Starting at the line that contains "Santhorst 21 Leiderdorp thumbnail 6", transcribe each line exactly through the end of the data below, and skip any pictures.

[Short text fragments from websites]

******************************

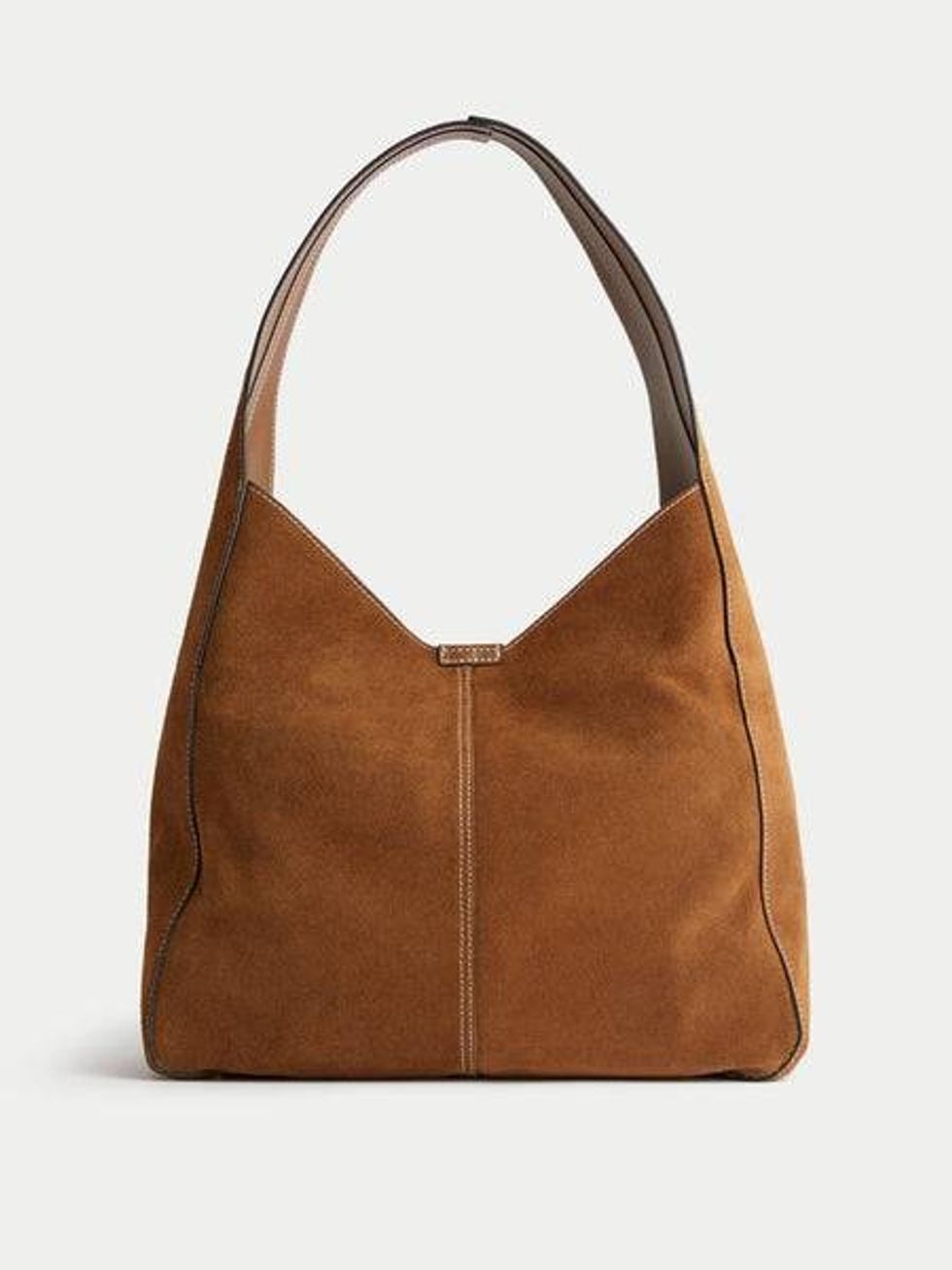 what to buy now 204244 1658093339546 main.c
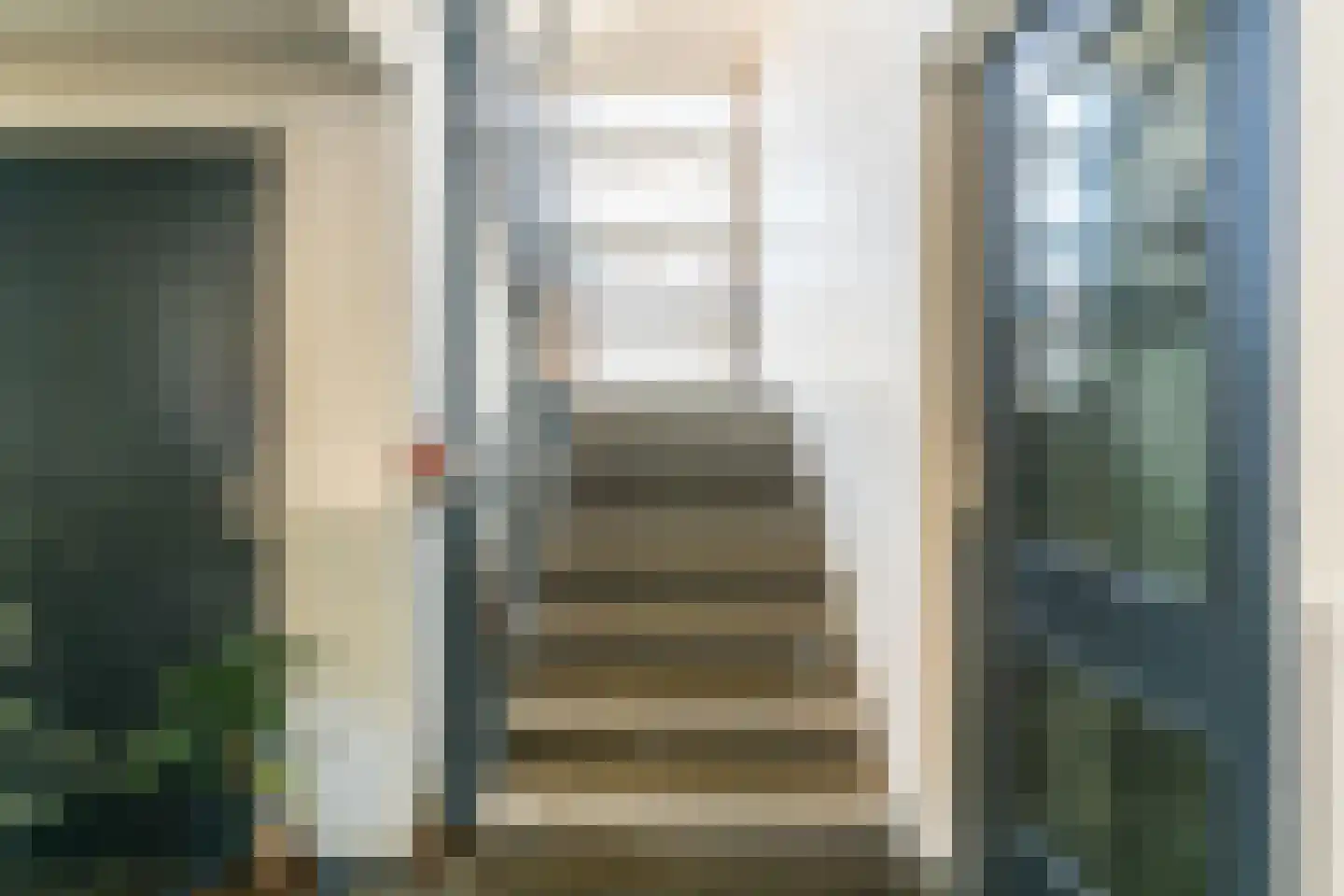 Santhorst 21 Leiderdorp thumbnail 6
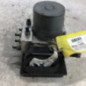 Bloc ABS (freins anti-blocage) CITROEN C4 2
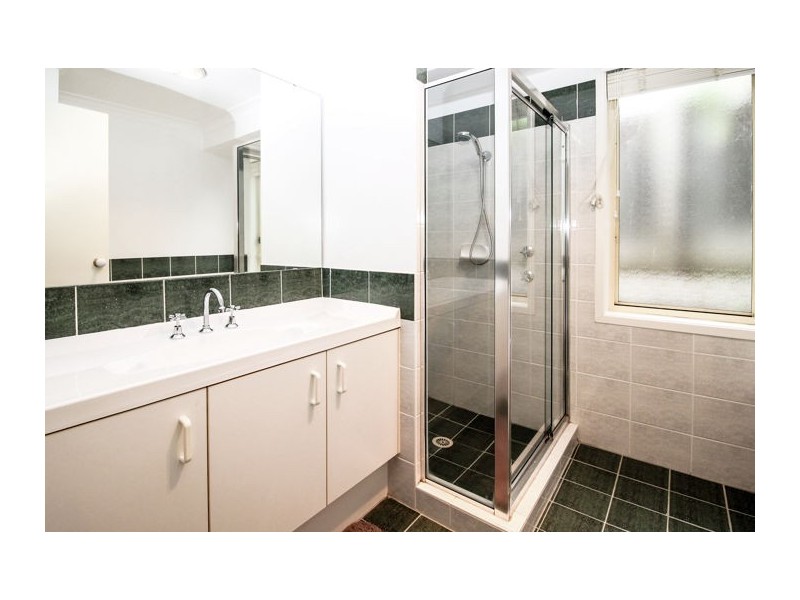 14 Mowbray Close, Castle Hill NSW 2154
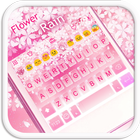 Flower Rain icon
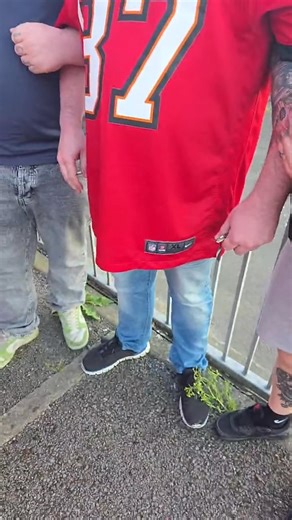 63K views · 953 reactions | TOXIC Tackling Online Exploitation Impacting Children on Reels | Facebook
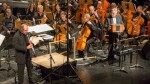 Filmmusiktage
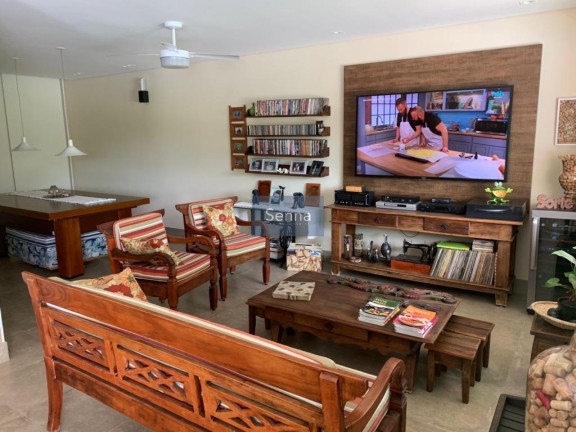 Imagem Casa com 4 Quartos à Venda, 562 m² em Serra Dos Lagos (jordanésia) - Cajamar Imagem Casa com 4 Quartos à Venda, 562 m² em Serra Dos Lagos (jordanésia) - Cajamar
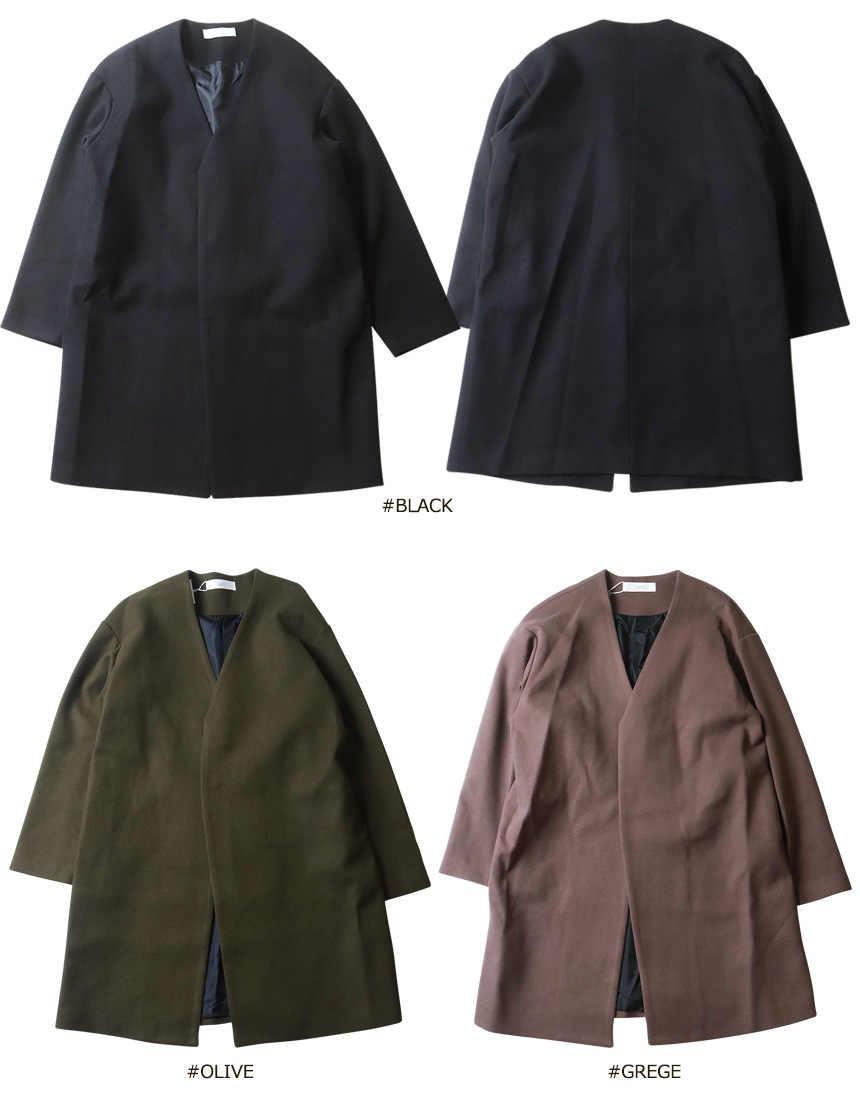 ��Ⱦ�ۡۥ�������ޥ� 360 �롼�����륨�å� ���ȥ� �Ρ����顼������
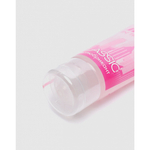 Гель-любрикант "INTIM CLASSIC", 60 г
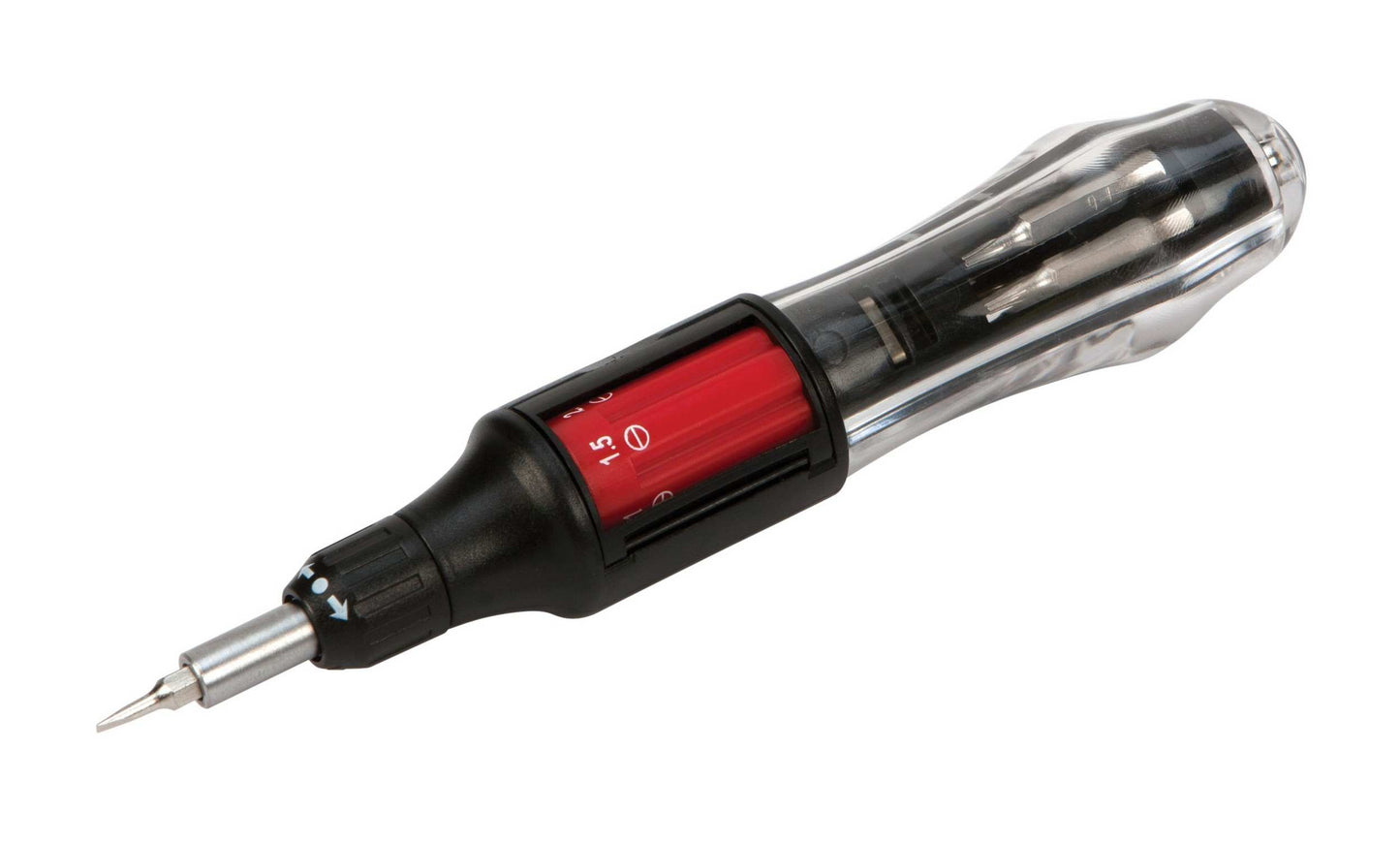 Wilmar Hand Tools W9146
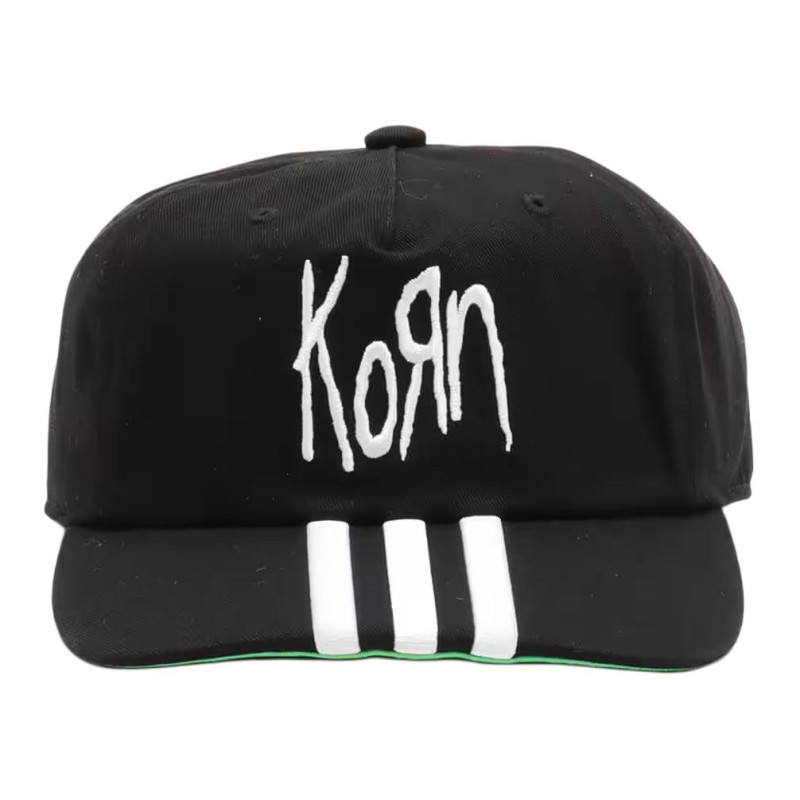 adidas originals Logo
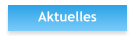 Aktuelles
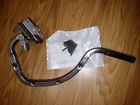 22614643 Gm New Genuine Trunk Hinge Pontiac Others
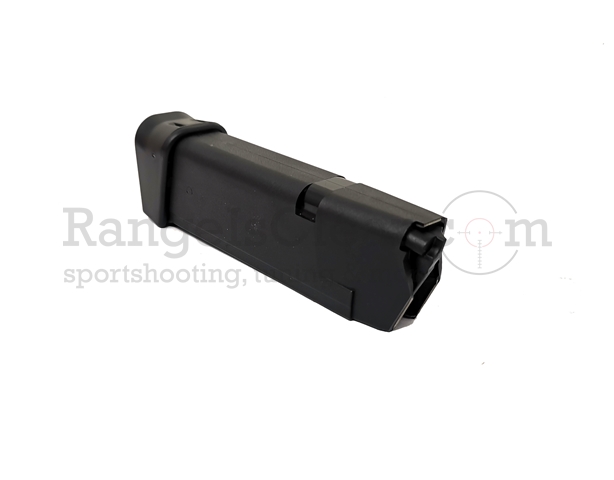 Glock Magazin 23 - .40 S&W - 13+1 Schuss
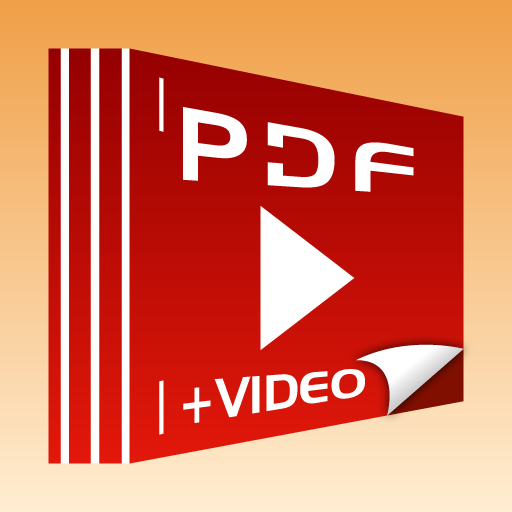 プレゼンできるPDF+VIDEOミニ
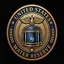 USWR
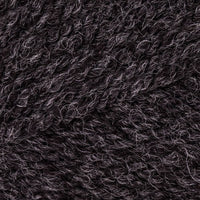 Nightgrey Heather (520)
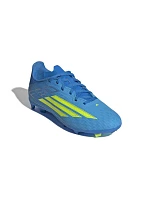 Topánky adidas Junior F50 League FG/MG JR9013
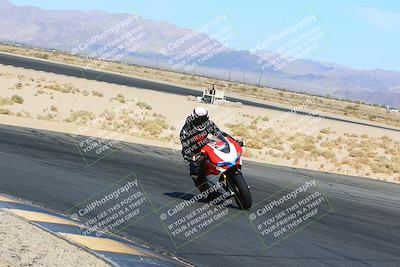 media/May-15-2022-SoCal Trackdays (Sun) [[33a09aef31]]/Turn 12 Inside (845am)/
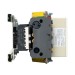 Контактор реверсивный КТЭ-1 115А кат. 230В AC 2НО EKF ctr-b-r-115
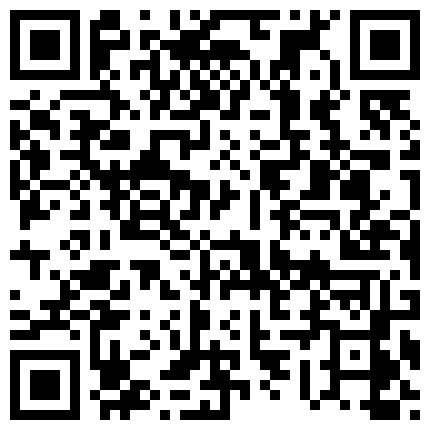 清纯类型卡哇伊眼镜七七，户外吃大表哥的鸡巴，太不怜香惜玉了，按住七七狂射嘴里，弄哭了七七！的二维码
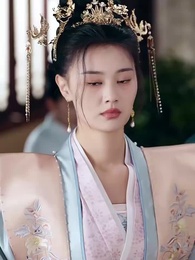 Episode 44 - The Miracle-Working Consort Healer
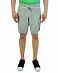 Шорты мужские повседневные Better Rich Soho Shorts Droplet Grey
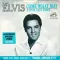 Come What May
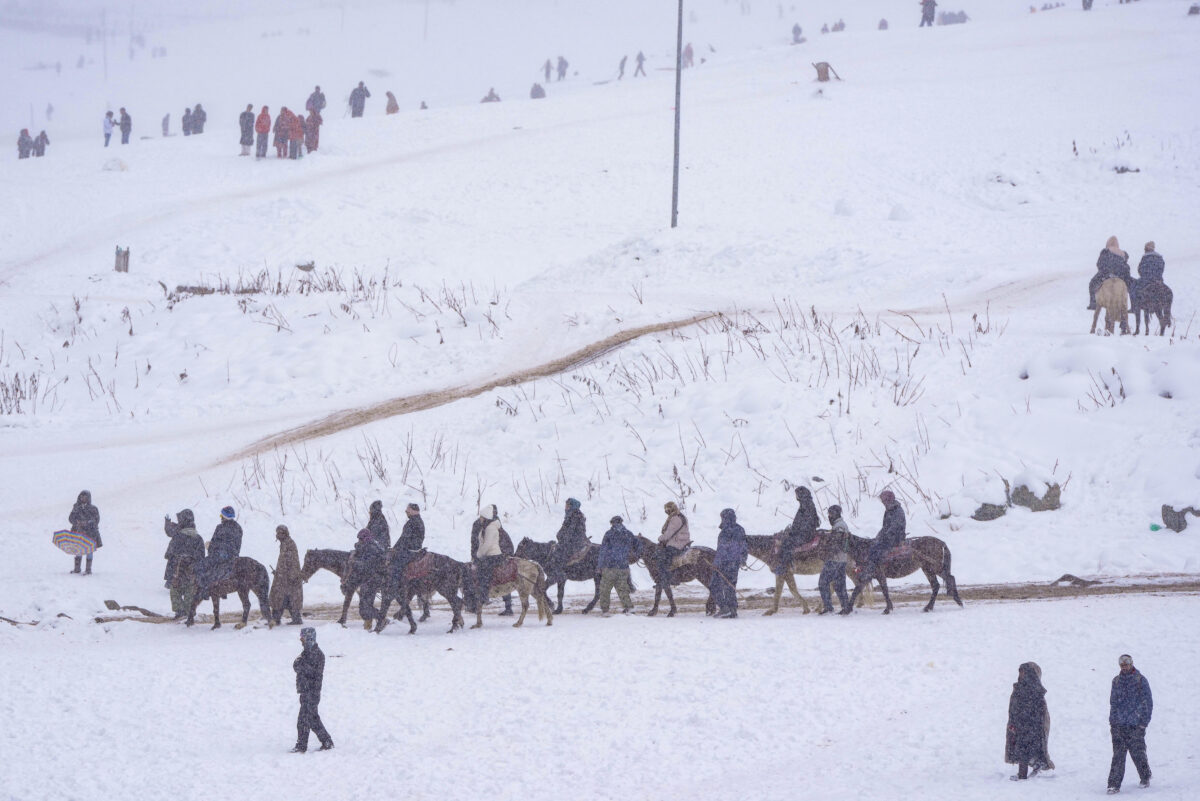 11011 पीटीआई01 11 2026 000418ए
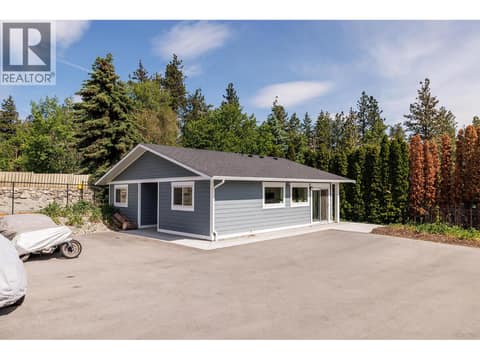 Photo 41 of 3728 - 3724 Glenway Road, Glenrosa, West Kelowna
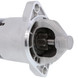 MOTOR- STARTER 12V 8T CW PMGR-33001173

******************************

▸ **Reply**:
 Santhorst 21 Leiderdorp thumbnail 6
 Bloc ABS (freins anti-blocage) CITROEN C4 2
 14 Mowbray Close, Castle Hill NSW 2154
 Flower Rain icon
 63K views · 953 reactions | TOXIC Tackling Online Exploitation Impacting Children on Reels | Facebook
 Filmmusiktage
 Imagem Casa com 4 Quartos à Venda, 562 m² em Serra Dos Lagos (jordanésia) - Cajamar Imagem Casa com 4 Quartos à Venda, 562 m² em Serra Dos Lagos (jordanésia) - Cajamar
 ��Ⱦ�ۡۥ�������ޥ� 360 �롼�����륨�å� ���ȥ� �Ρ����顼������
 Гель-любрикант "INTIM CLASSIC", 60 г
 Wilmar Hand Tools W9146
 adidas originals Logo
 Aktuelles
 22614643 Gm New Genuine Trunk Hinge Pontiac Others
 Glock Magazin 23 - .40 S&W - 13+1 Schuss
 プレゼンできるPDF+VIDEOミニ
 USWR
 Nightgrey Heather (520)
 Topánky adidas Junior F50 League FG/MG JR9013
 media/May-15-2022-SoCal Trackdays (Sun) [[33a09aef31]]/Turn 12 Inside (845am)/
 Контактор реверсивный КТЭ-1 115А кат. 230В AC 2НО EKF ctr-b-r-115
 清纯类型卡哇伊眼镜七七，户外吃大表哥的鸡巴，太不怜香惜玉了，按住七七狂射嘴里，弄哭了七七！的二维码
 Episode 44 - The Miracle-Working Consort Healer
 Шорты мужские повседневные Better Rich Soho Shorts Droplet Grey
 Come What May
 11011 पीटीआई01 11 2026 000418ए
 Photo 41 of 3728 - 3724 Glenway Road, Glenrosa, West Kelowna
 MOTOR- STARTER 12V 8T CW PMGR-33001173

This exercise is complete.